9TV Daybreak (formerly known as Solar Daybreak) was the English-language morning hard-news newscast of 9TV. It featured daily headlines as well as national and local news, weather, traffic, sports, foreign, and entertainment stories. Its initial telecast was on October 1, 2012, on TalkTV, airing weekdays from 7:00 am to 8:30 am (UTC+8:00). It was one of the retained programs upon TalkTV's conversion into Solar News Channel.

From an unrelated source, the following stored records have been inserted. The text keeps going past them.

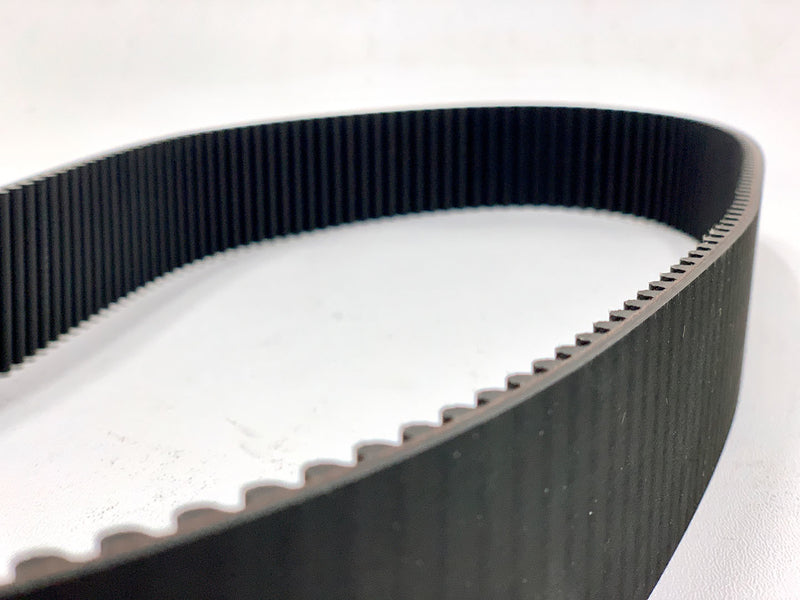 1304 8MM 50 Blower Belt 2in Wide 51.3in Length - 8142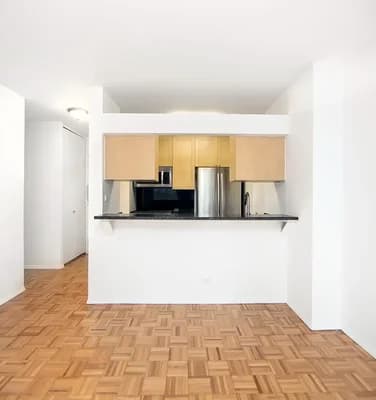 280 West 81 Street #1211, Manhattan, NY 10024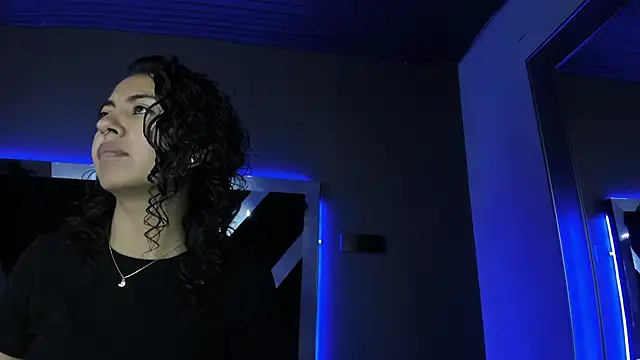 Amareto  online show from 10, 4, 2026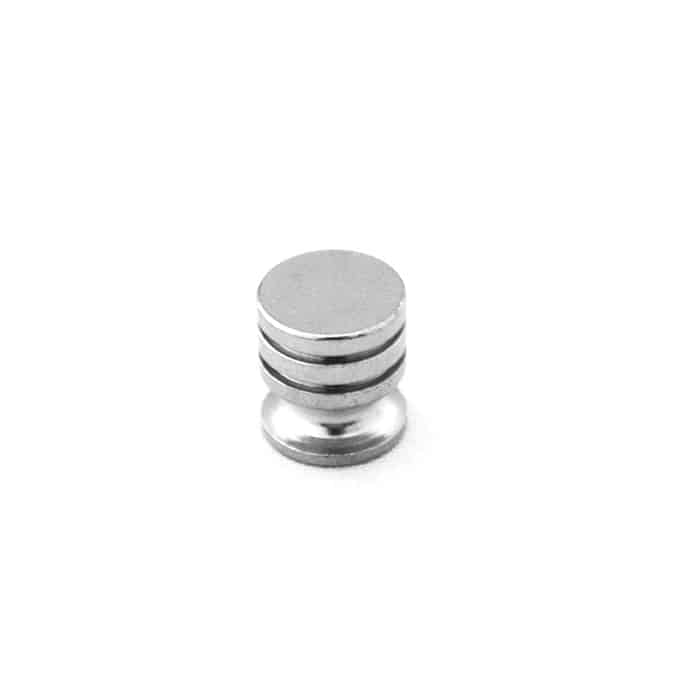 Pepper Mill Replacement Screw
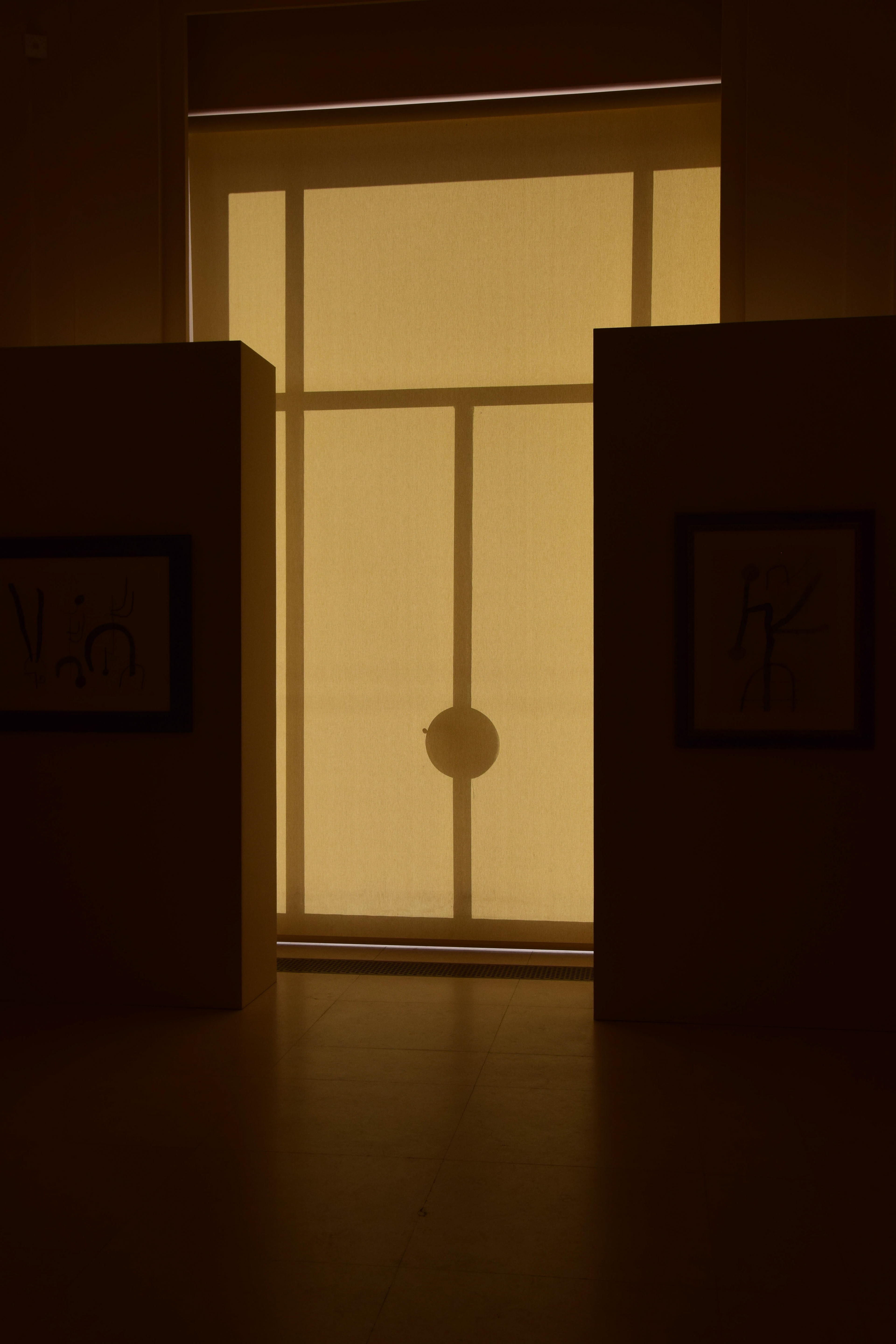 Serralves | 2022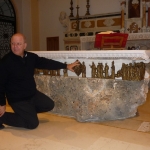 Padre Paolo.JPG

On January 7, 2013, Amelyn Veloso from TV5, joined as new co-anchor and replaced Jing Magsaysay. But Veloso left Daybreak in May 2014, when she was placed as the host of the public service program Serbisyo All Access, and was replaced by Hilary Isaac. On October 1, 2014, on the day of the show's 2nd anniversary, Amelyn Veloso became the permanent replacement anchor for Claire Celdran. Claudine Trillo then joined the program as its co-anchor.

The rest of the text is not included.